Michaud and LePage are virtually tied, at 43 percent and 42 percent, respectively, according to the survey by the liberal-leaning Public Policy Polling firm and paid for by the Maine Conservation Voters Action Fund, which has endorsed Michaud. Cutler, who garnered 26 percent support in a similar poll taken in January 2013, tallies just 11 percent.
Often times the role of polling in a political contest is that of a cheap sugar high – what everyone talks about in the moment but ultimately a largely meaningless snapshot in time.
“The only poll that matters is the one on Election Day,” is the common refrain from experienced campaign hands.
But in this race, every poll from here on out will be of consequence as Cutler’s fate rests on whether or not he appears to be a viable candidate who can legitimately challenge LePage in his own right, rather than a spoiler whose presence in the race merely ensures the Republican’s re-election.

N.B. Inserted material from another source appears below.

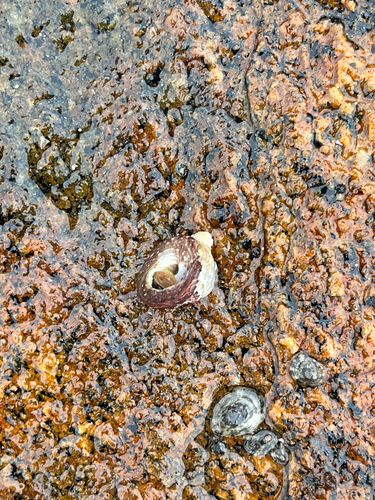 Agathistoma viridulum observed 2026-08-23
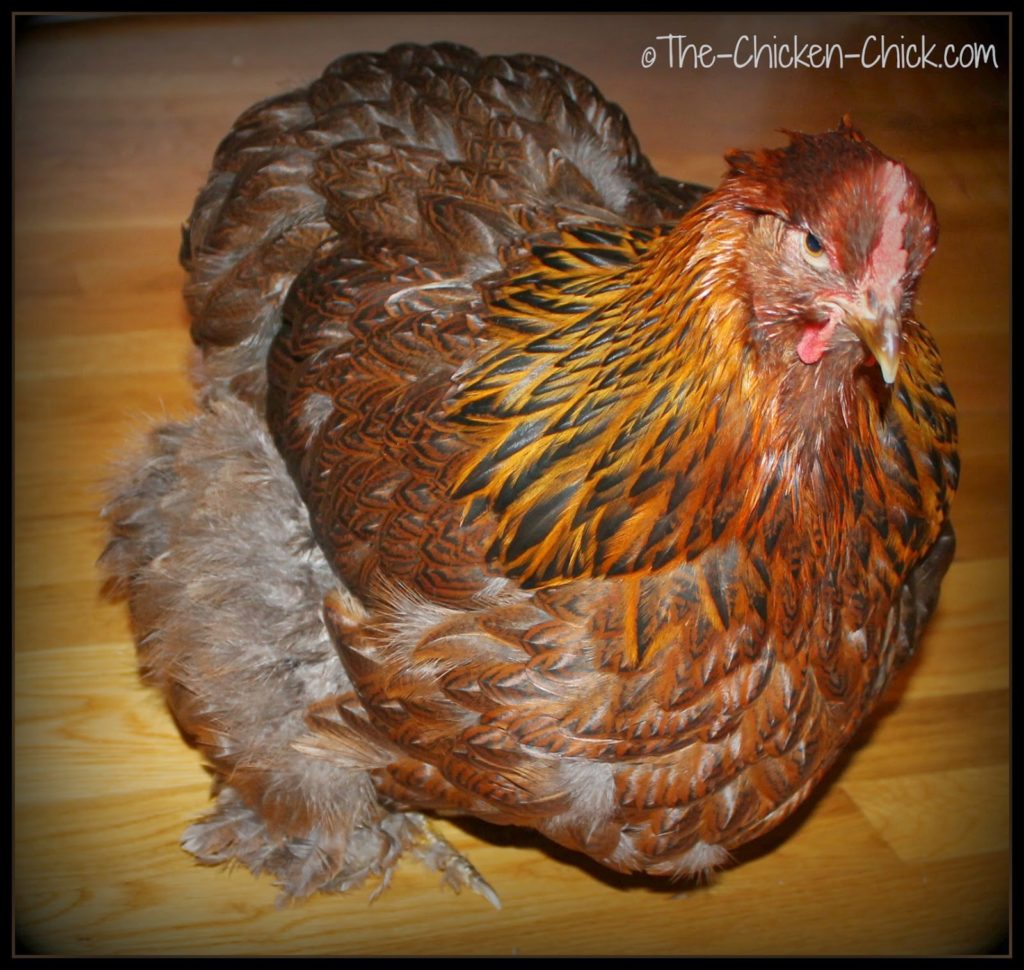 Bertha is a large fowl Cochin with smooth feathers.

Four years ago, while Democrat Libby Mitchell held a polling edge over Cutler for much of the contest, the independent’s fate turned when an internal poll shared with the press showed the gap closing. Mitchell’s campaign deflated soon after the revelation and Cutler came within percentage points of defeating LePage.
Because he and Michaud are pulling voters from the same anti-LePage pool – 53 percent of Cutler’s supports say they would back Michaud versus 32 percent who say LePage in a head-to-head match-up – unless Cutler can show upward momentum soon, his campaign is toast.
And for the LePage camp, that’s bad news. In the incumbent’s ideal world, Cutler and Michaud get closer and closer to parity in the polls, making his solid support of between 35 percent and 42 percent sufficient for victory.
It is also of note is that this survey follows popular independent Sen. Angus King’s endorsement of Cutler – a move the Cutler camp hoped would revive his campaign. But there’s no sign King’s support has improved Cutler’s positioning.
The poll surveyed 1,059 likely voters between Sept. 8-9 and has a margin of error of plus or minus 3 percent.